Pheni with milk is served for fasting traditions in the Indian subcontinent. Hindu families use this during the occasion of Karva Chauth, celebrated in Northern and Western India, as one of the dishes while preparing their sargi thali, a traditional platter which is presented by mother-in-law to the daughter-in-law. Muslim families prepare khajla and pheni with milk during suhur particularly in the month of Ramadan. It may be served with various sweet items, as well as dry fruits (whether garnished or provided separately). (Note: Pieces of information gathered from multiple sources, such as VOA Urdu, BBC Urdu, Arab News, Dawn, and Express News, all based in Pakistan, while People of India Maharashtra, a book, and Her Zindagi, both based in India.)

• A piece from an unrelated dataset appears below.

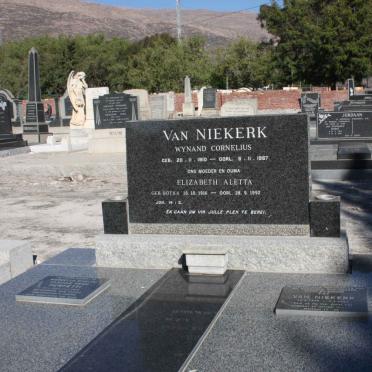 NIEKERK, van :: BOTHA :: PERFETTI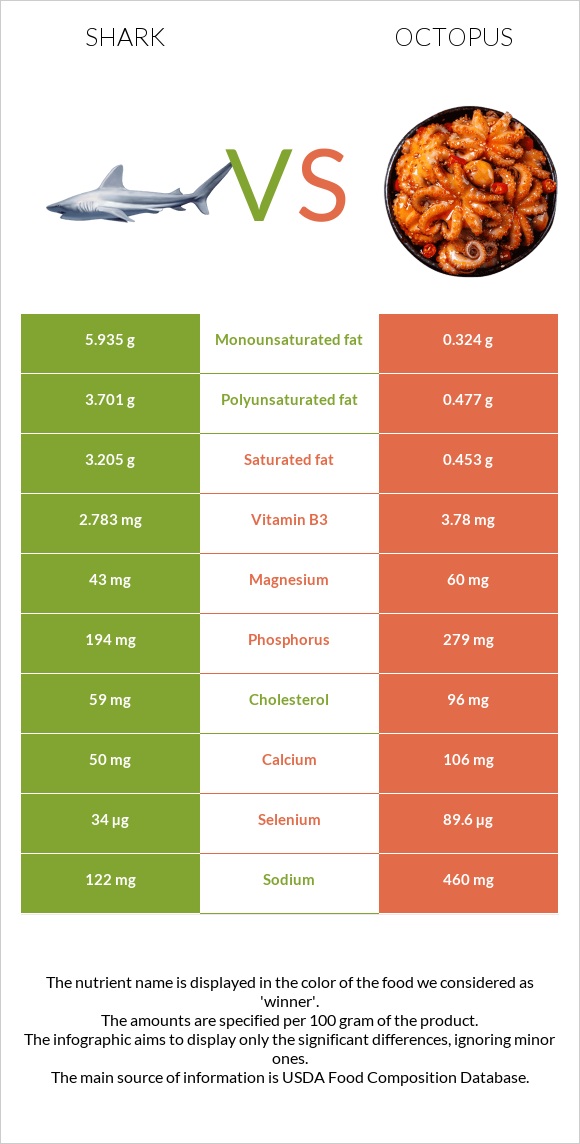 Shark vs Octopus infographic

In different states of India, pheni with milk is also prepared and served along with the other traditional dishes eaten during Dhanteras for the occasion of Diwali, and as a winter delight during the festival of Makar Sankranti.

==Surveys==
According to surveys by different publishers, pheni is usually prepared for traditional purposes, for which the bakers hire additional staff under the artisan. A local shop can stock and store it at a normal temperature for weeks without damage, and can sell up to a ton per day. In Pakistan, preparation of khajla and pheni boosts the trade of the flour, ghee, and sugar industries during the month of Ramadan. (Note: Pieces of information gathered from multiple sources, such as News Meter from India, and Dawn, Express News, Arab News, and VOA Urdu, all from Pakistan.)

Some publications note that pheni with milk is considered a calorie-dense and fat-enriched sweet dish that should only be consumed occasionally. Although it offers quick carbohydrates, helping in slow digestion and sustained energy while fasting during the day, consuming it in large amounts may cause resistance in weight-losing physical activities. While semolina has slightly higher fibre than flour, pheni still lacks significant fibre and is made up of empty calories more than an average paratha. (Note: Facts are largely attributed to Jacked Nutrition, while portions of the text are also taken from two of the reports published in Dawn.)

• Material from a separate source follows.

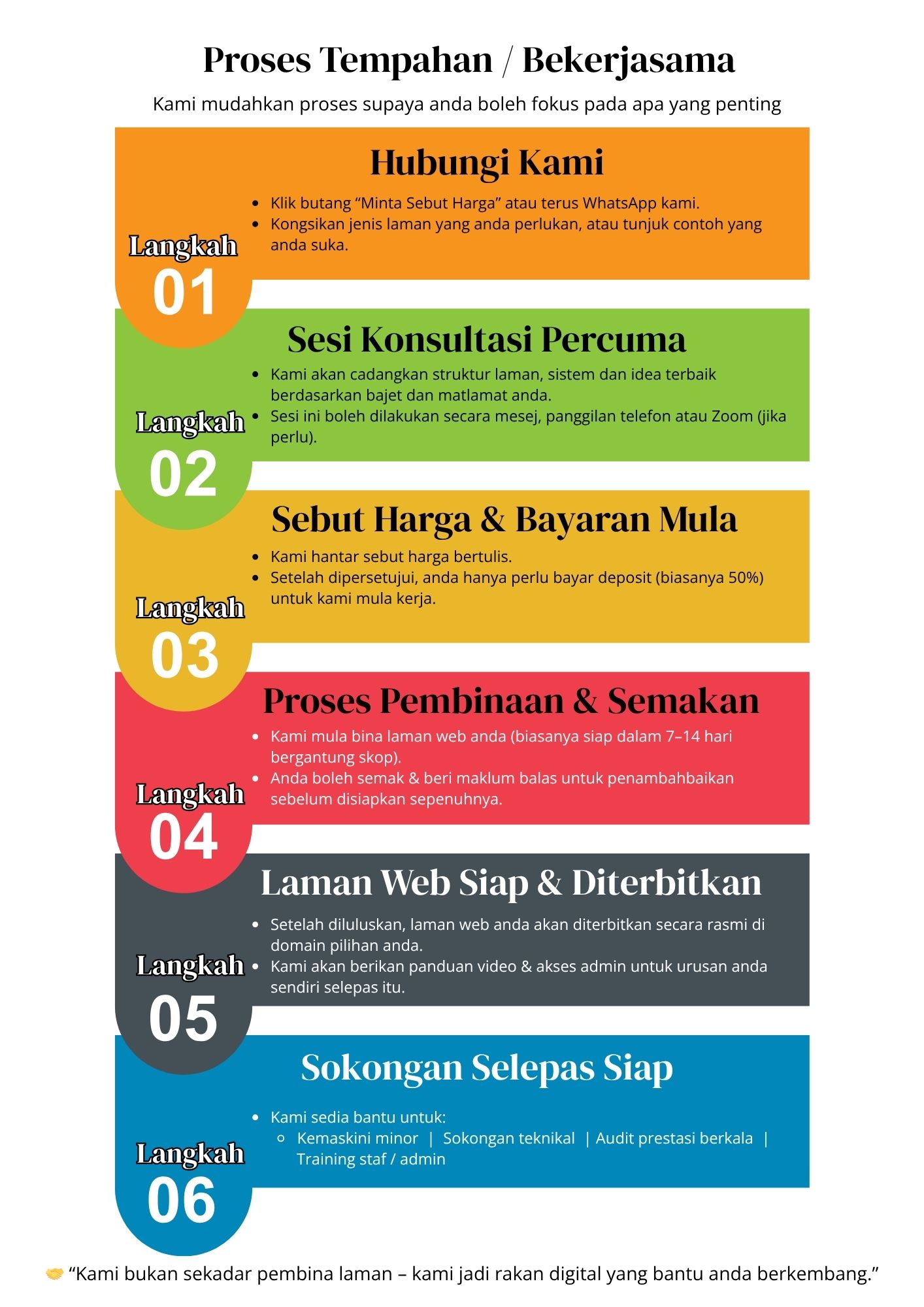 proses-tempahan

In January 2026, the Chief Medical and Health Officer (CMHO) ordered the destruction of about a ton of pheni at a shop in Jodhpur, Rajasthan, when concerns about hygiene were raised after a video circulated on social media in which the dough for pheni was being prepared with feet. In a separate incident in February, the police seized a warehouse in Jiyaguda, Hyderabad, India, which contained material for preparing pheni worth est. ₹3.98 lakh, because it reportedly violated guidelines of the Food Safety and Standards Authority of India (FSSAI) by being substandard.